WORK REQUEST:
Leaving out the pictures, retype the lines from the top of the listing through the line with "2024 Gold Proof Mini Roo 0.5g Coin in Card" exactly.

◇ ◇ ◇

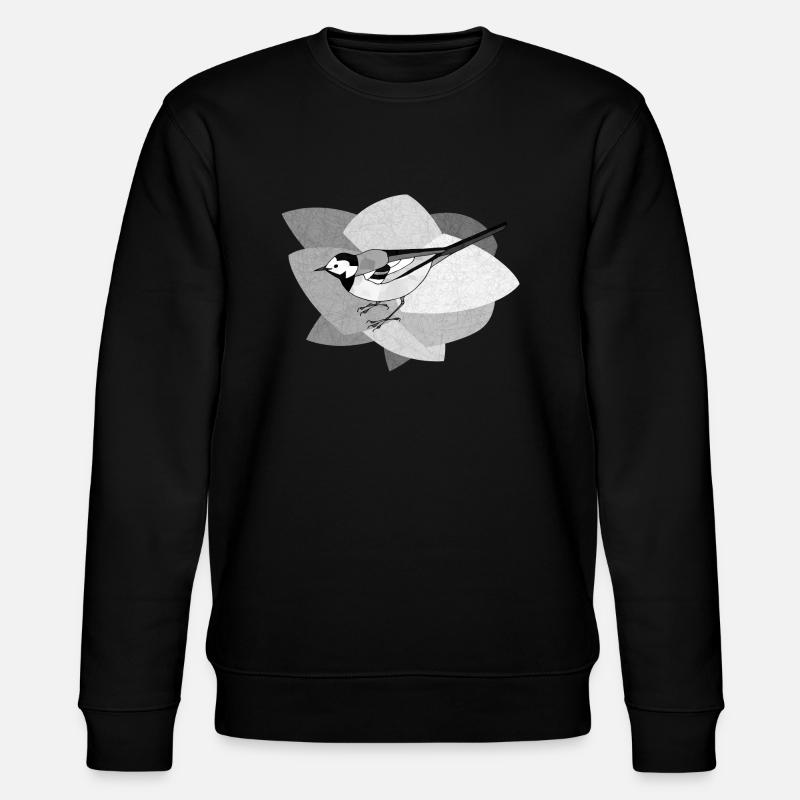 Bachstelze Vogel - Stanley/Stella Unisex Bio-Sweatshirt CHANGER  - Schwarz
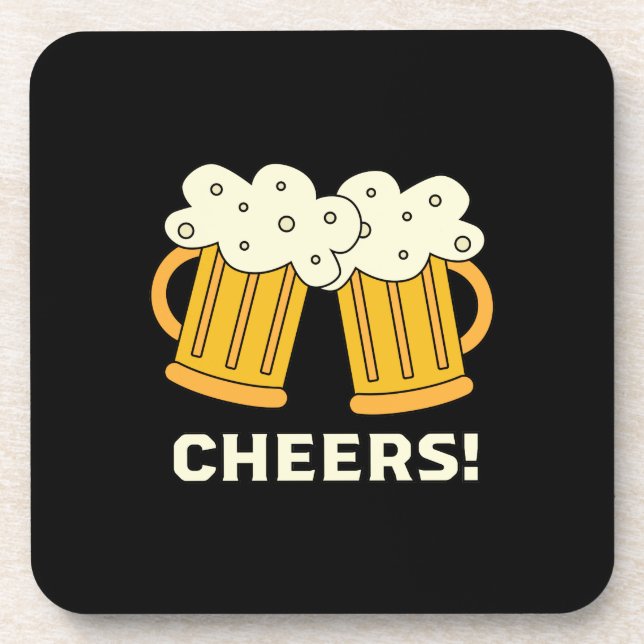 Cheers!  beverage coaster (Front)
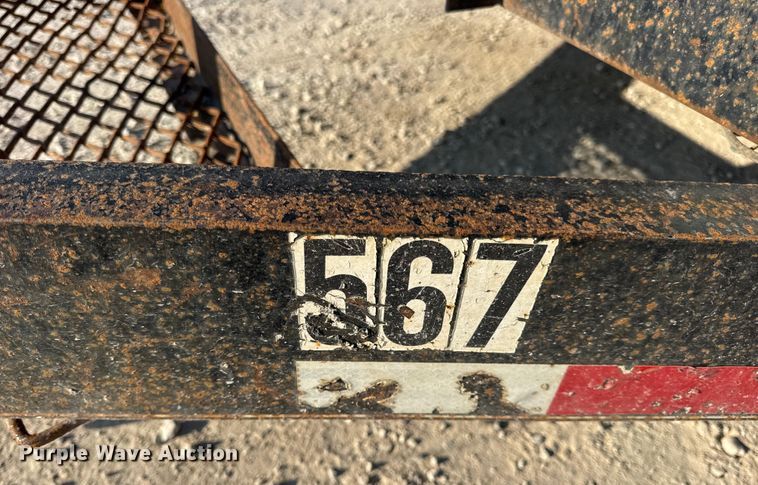 image for item DW6585 2012 Doolittle tilt deck equipment trailer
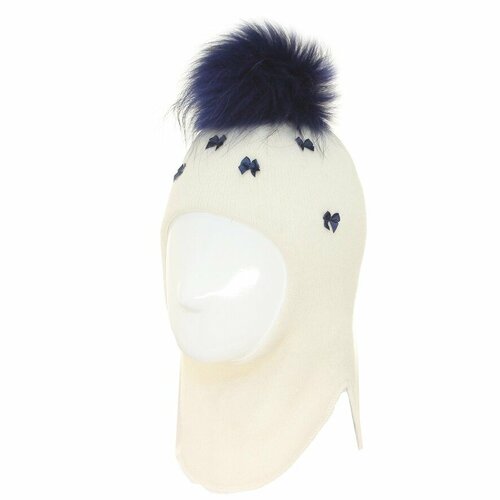 Балаклава шлем Бушон для девочек зимняя, хлопок, размер 46-48, мультиколор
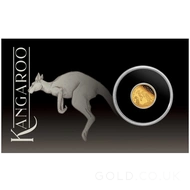 2024 Gold Proof Mini Roo 0.5g Coin in Card
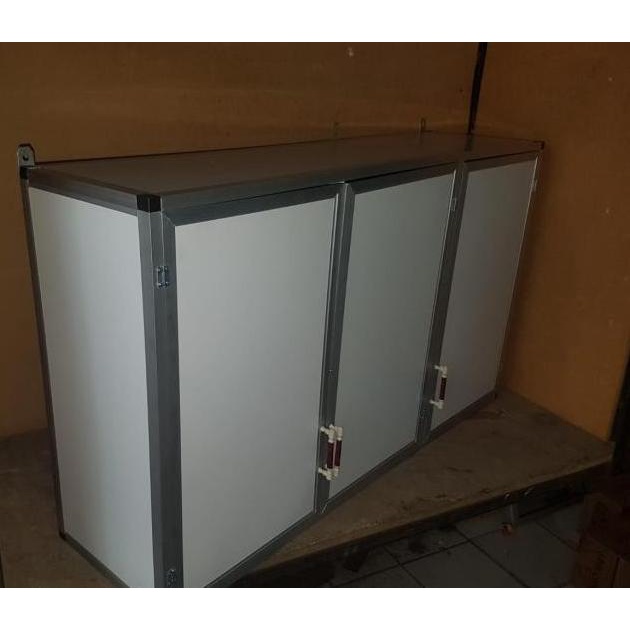 El Rak Gantung Lemari Dapur Kitchen Set Atas Aluminium Acp 3 Pintu Semuasukoko
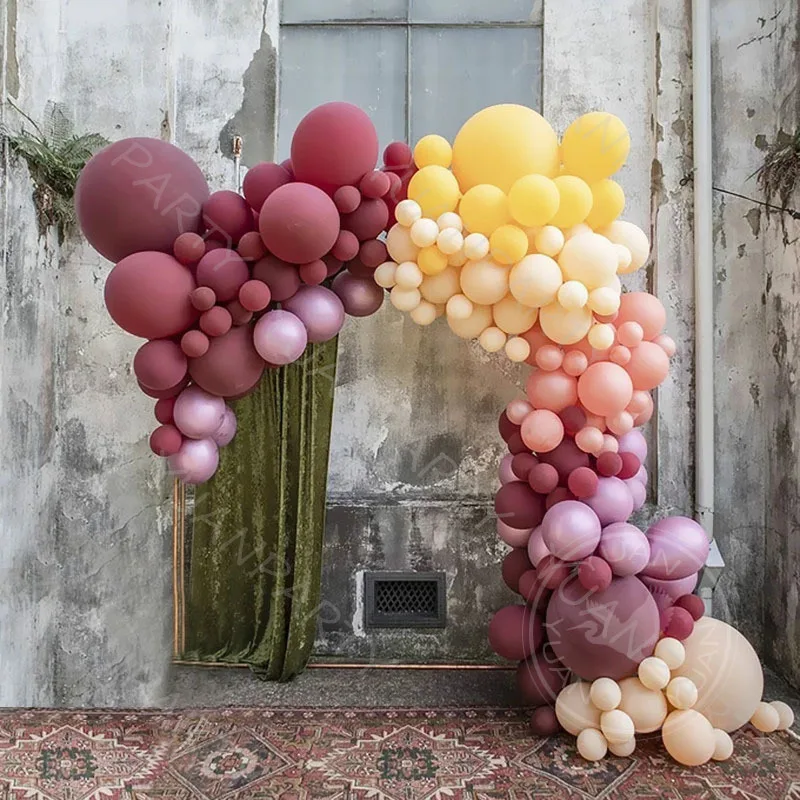

100pcs 18/10/5inch Retro rose red Balloons Wedding Balloons Decoration Birthday Balloons Arch Party Supplies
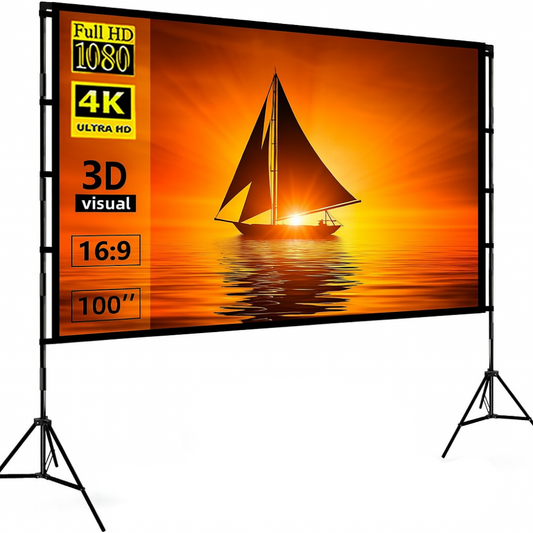 Telón Proyector 100 Pulgadas Con Trípode Y Maleta 16:9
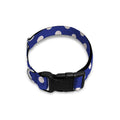 Blue And White Polka Dot Pattern Print Dog Collar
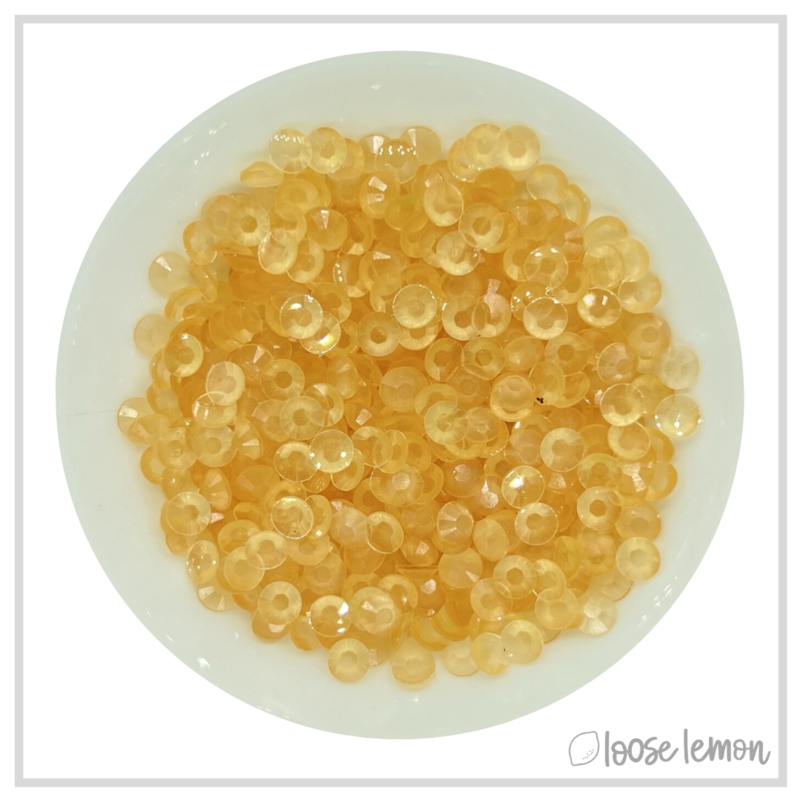 Glow in The Dark Gems | Orange (5mm)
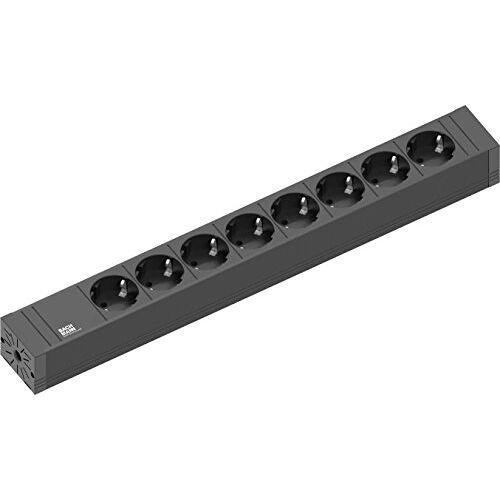 Bachmann CONNECT LINE - Verlängerungsschnur - Ausgangsanschlüsse: 8 - 2,0m - Schwarz (420.0019)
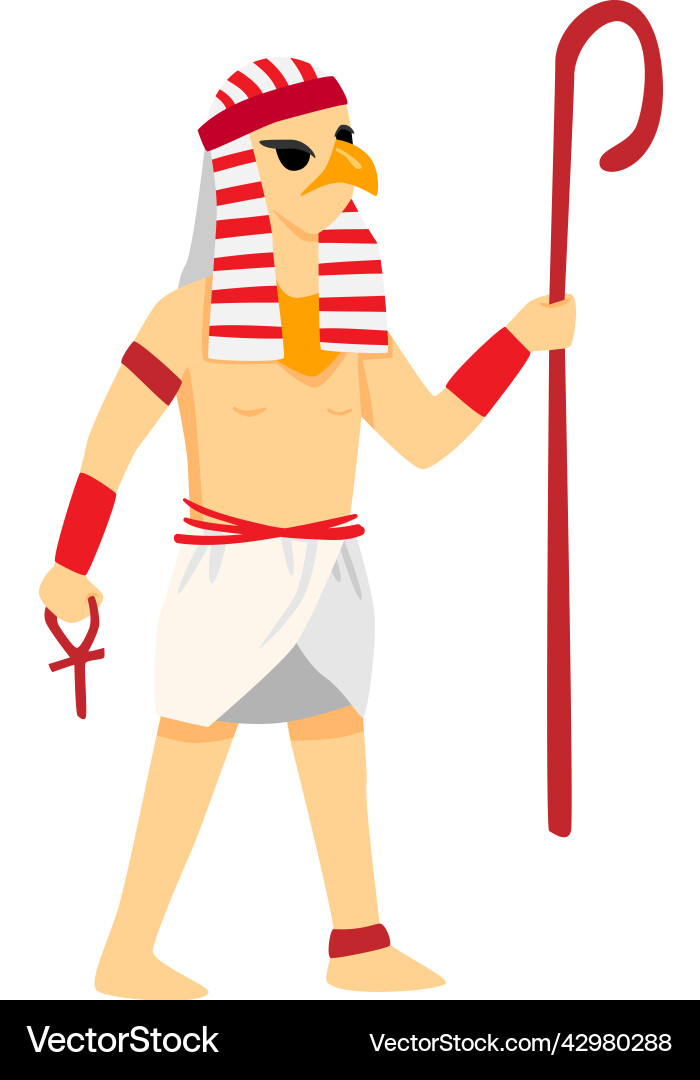 God horus egypt composition Royalty Free Vector Image
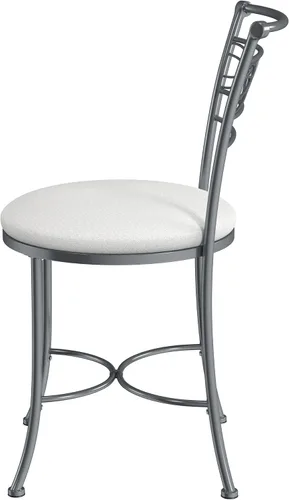 Vista 12 de Hillsdale Furniture Dutton - Taburete de tocador, cromado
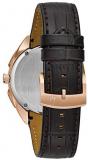Bulova Men's Curv Collection Leather Strap Watch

◇ ◇ ◇

EXERCISE RESPONSE:
 Bachstelze Vogel - Stanley/Stella Unisex Bio-Sweatshirt CHANGER  - Schwarz
 Cheers!  beverage coaster (Front)
 image for item DW6585 2012 Doolittle tilt deck equipment trailer
 Балаклава шлем Бушон для девочек зимняя, хлопок, размер 46-48, мультиколор
 2024 Gold Proof Mini Roo 0.5g Coin in Card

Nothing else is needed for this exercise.